California’s new top-two primary differs from its nonpartisan elections in one significant respect.
In campaigns for city and county offices, as well as for state superintendent of public instruction, a candidate can win outright in the primary by garnering a majority of the votes. That isn’t the case with the top-two system that gets its first test in the June 5 primary.
The top two finishers in primaries for the U.S. Senate, the House of Representatives and the state Legislature will advance to the general election, regardless of their party affiliation and regardless of the margin of victory.
Of those contests, the most lop-sided almost certainly will be the one for the U.S. Senate. It’s also the most crowed race, at least on local voters’ ballots, with Democrat Dianne Feinstein and 23 other candidates, all of whom can charitably be described as unknowns and long-shots.
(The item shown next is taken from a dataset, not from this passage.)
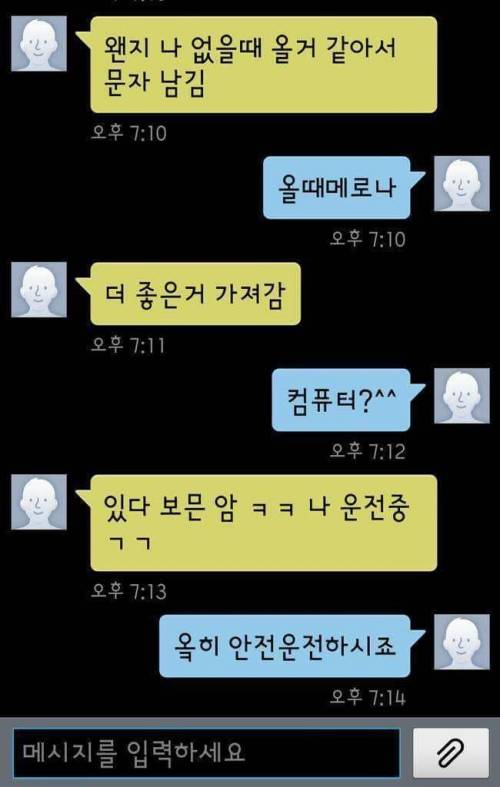 콤퓨타 수리점 아저씨와의 문자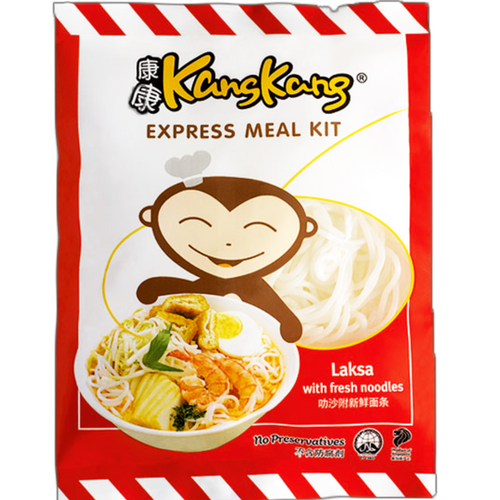 Kang Kang Express Meal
In one recent poll, Feinstein was backed by more than 50 percent of voters while the two next highest — businessman Dan Hughes and nonprofit executive Elizabeth Emken — had 2 percent apiece.
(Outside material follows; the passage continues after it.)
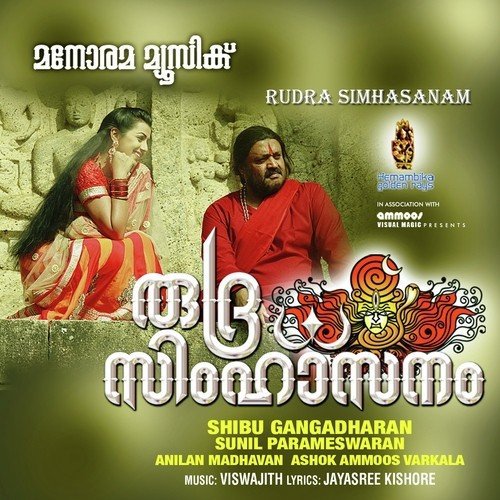 download G. Venugopal, Kavalam Sreekumar, Kalabhavan Sabu, Reemy Tomy, Subbalakshmi Ammal  Kanne Kannare mp3 Single Tracks song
Feinstein was elected to the Senate in 1992, and she has been re-elected three times. If she ever was going to be vulnerable to a challenge, it was this year, when she turns 79, voters disgust with Congress is high, and about $4.5 million was embezzled from her campaign treasury. Yet, in a reprise of the 2006 election, the GOP failed to recruit a top-tier challenger. That’s a stark contrast to 2010, when ex-Hewlett-Packard CEO Carly Fiorina was defeated by Sen. Barbara Boxer.
All things considered, it’s not so surprising that Feinstein seems to have an easy path to re-election. During her two decades in Washington, the former San Francisco mayor has cultivated support across the political spectrum.
Her legislative portfolio includes securing a federal ban on assault weapons after the 101 California Street massacre in 1993 (though congressional Republicans allowed it to expire 10 years later). She has worked closely with growers and environmentalists on water and energy issues, introduced legislation to crack down on predatory lawsuits, and she’s the first Californian to chair the Senate Intelligence Committee.